● Directions for this task
The response must be the exact lines from the line holding "Lord Heseltine" through the end of the entries, with no pictures and nothing else.

● Data section
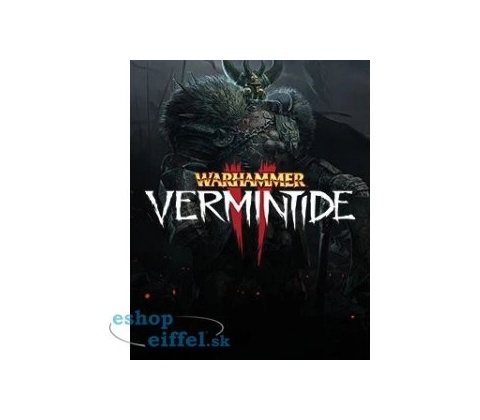 Warhammer: Vermintide 2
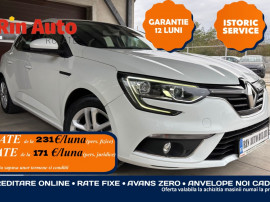 Renault Megane ENERGY dCi Zen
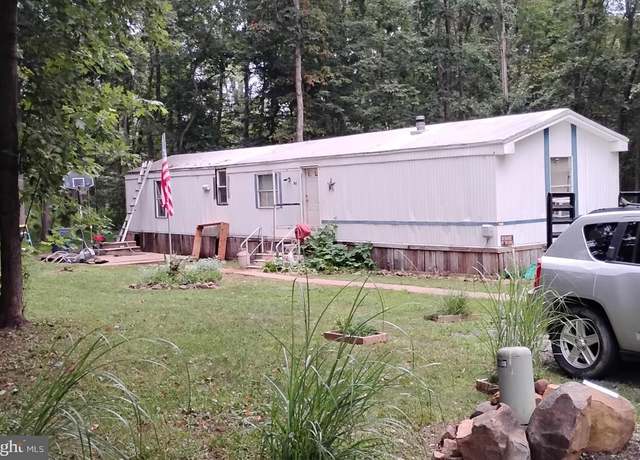 Property at 1760 1760 Shrivers Corner Rd #129, Gettysburg, PA 17325, 3 beds, 2 baths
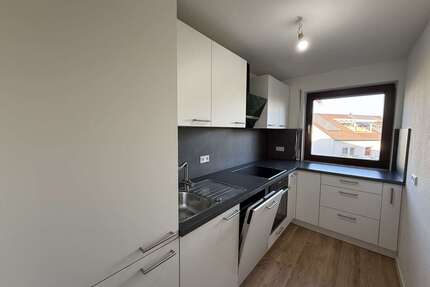 Wohnung zum Mieten in Ludwigsburg 950,00 € 60 m²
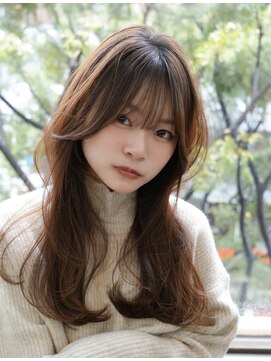 ナンバー アンフィール 渋谷(N° anfeel) オータムワンカール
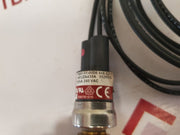 Texas Ps80-01-0008 Pressure Switch X000047486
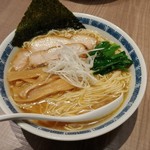 東大和 ラーメン大冬樹 Season2 - 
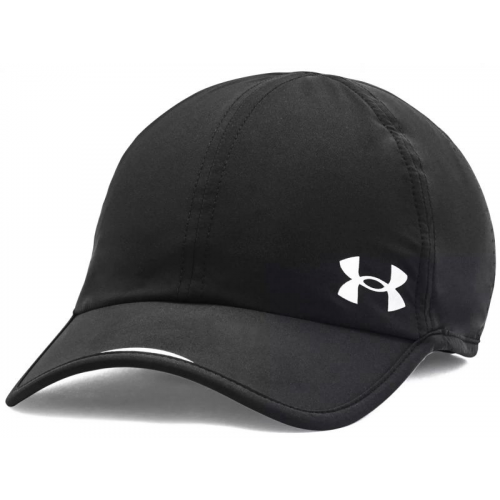 Кепка Under Armour Isochill Launch Run черный 58/60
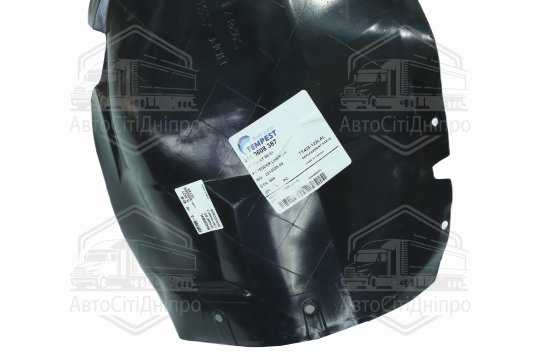 Підкрилок пер. лів. VW PASSAT B5 96-00 (TEMPEST)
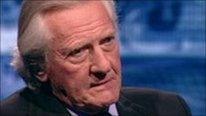 Lord Heseltine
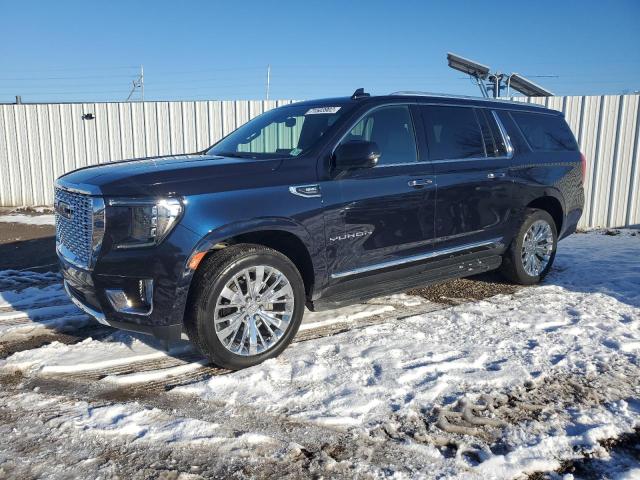 GMC YUKON – zdjęcie z aukcji, lot #71503902
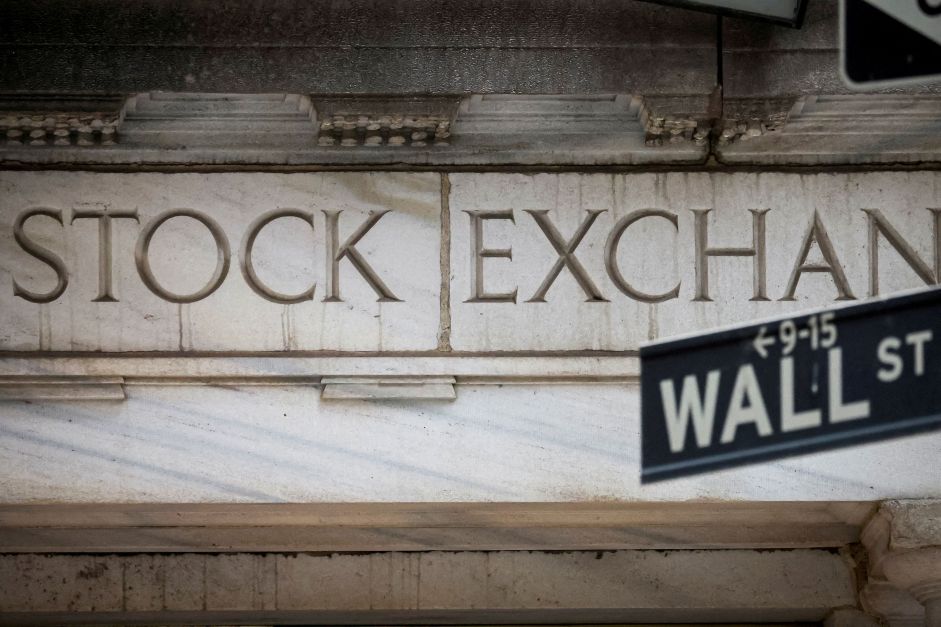 Bolsas em Wall Street fecham em alta antes de decisão do Fed Bolsas em Wall Street fecham em alta antes de decisão do Fed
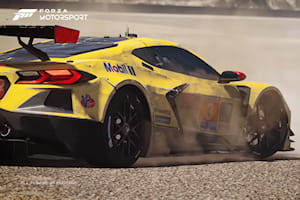 Forza Motorsport Will Rewrite The Racing Sim Rulebook In 4K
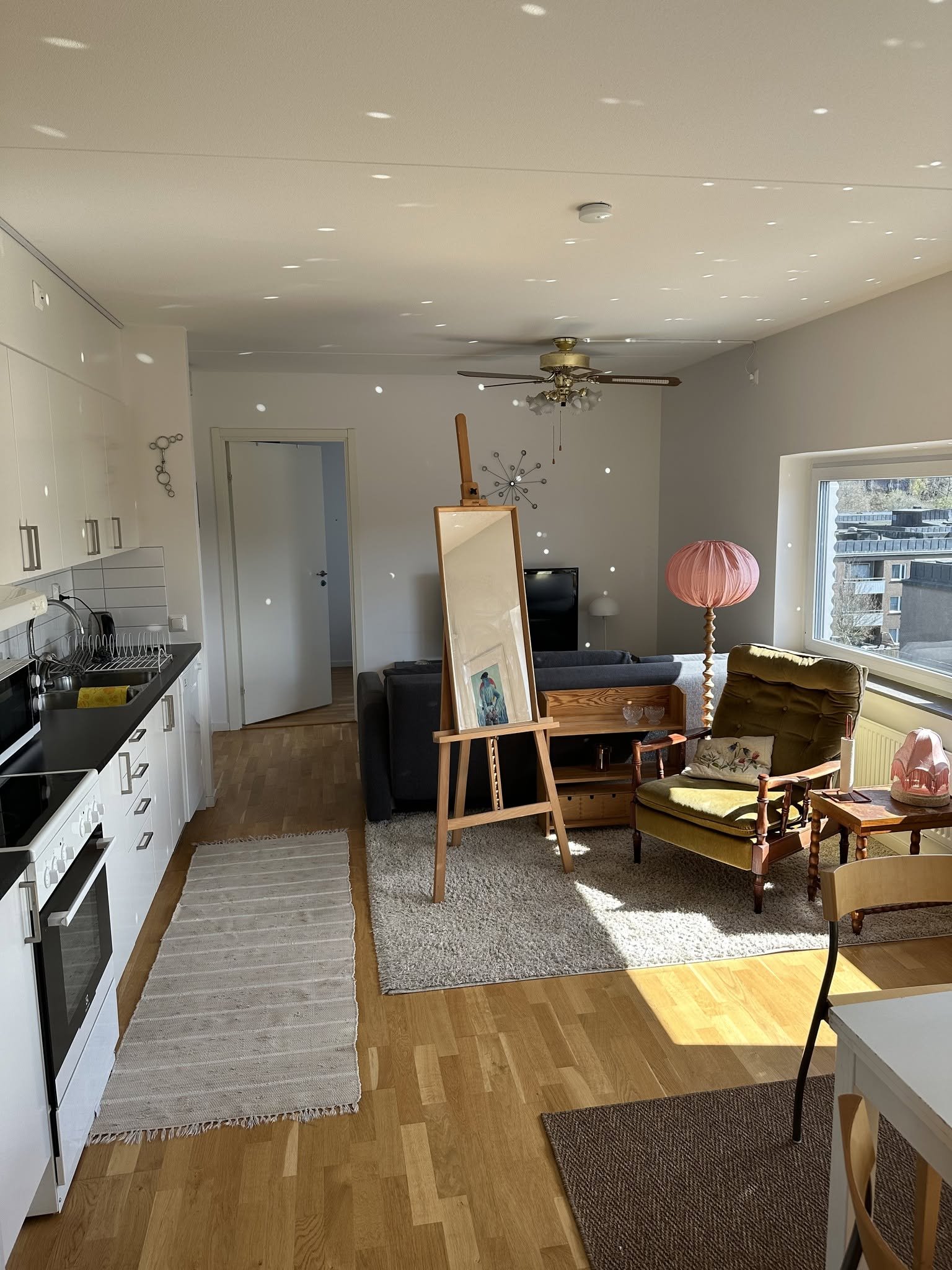 3 rok · 59 m² i Skärholmen – bild 4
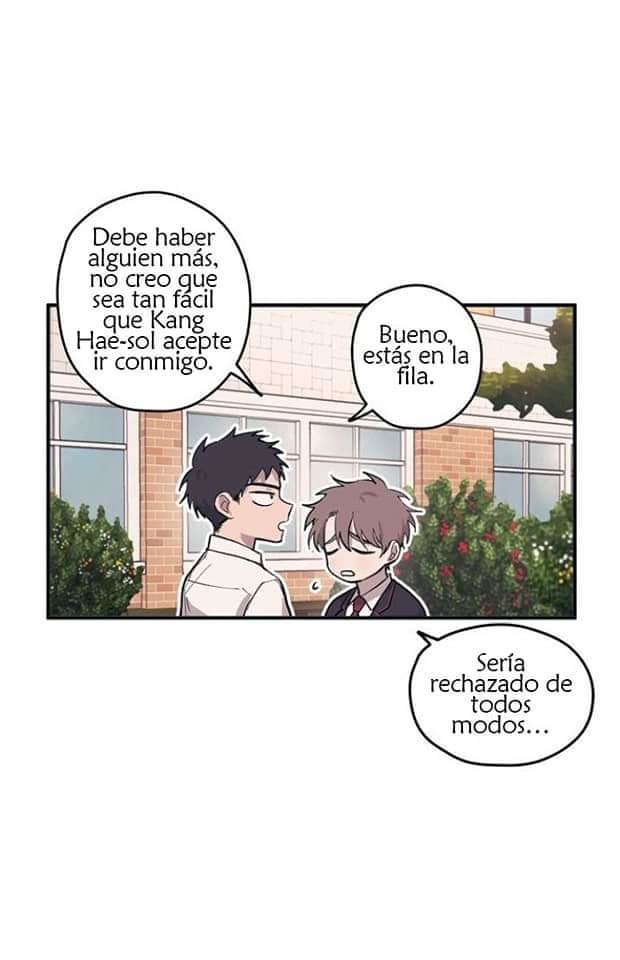 Read La Inocencia de Yeonwoo ES Manga Online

● Output of the exercise
 Lord Heseltine
 GMC YUKON – zdjęcie z aukcji, lot #71503902
 Bolsas em Wall Street fecham em alta antes de decisão do Fed Bolsas em Wall Street fecham em alta antes de decisão do Fed
 Forza Motorsport Will Rewrite The Racing Sim Rulebook In 4K
 3 rok · 59 m² i Skärholmen – bild 4
 Read La Inocencia de Yeonwoo ES Manga Online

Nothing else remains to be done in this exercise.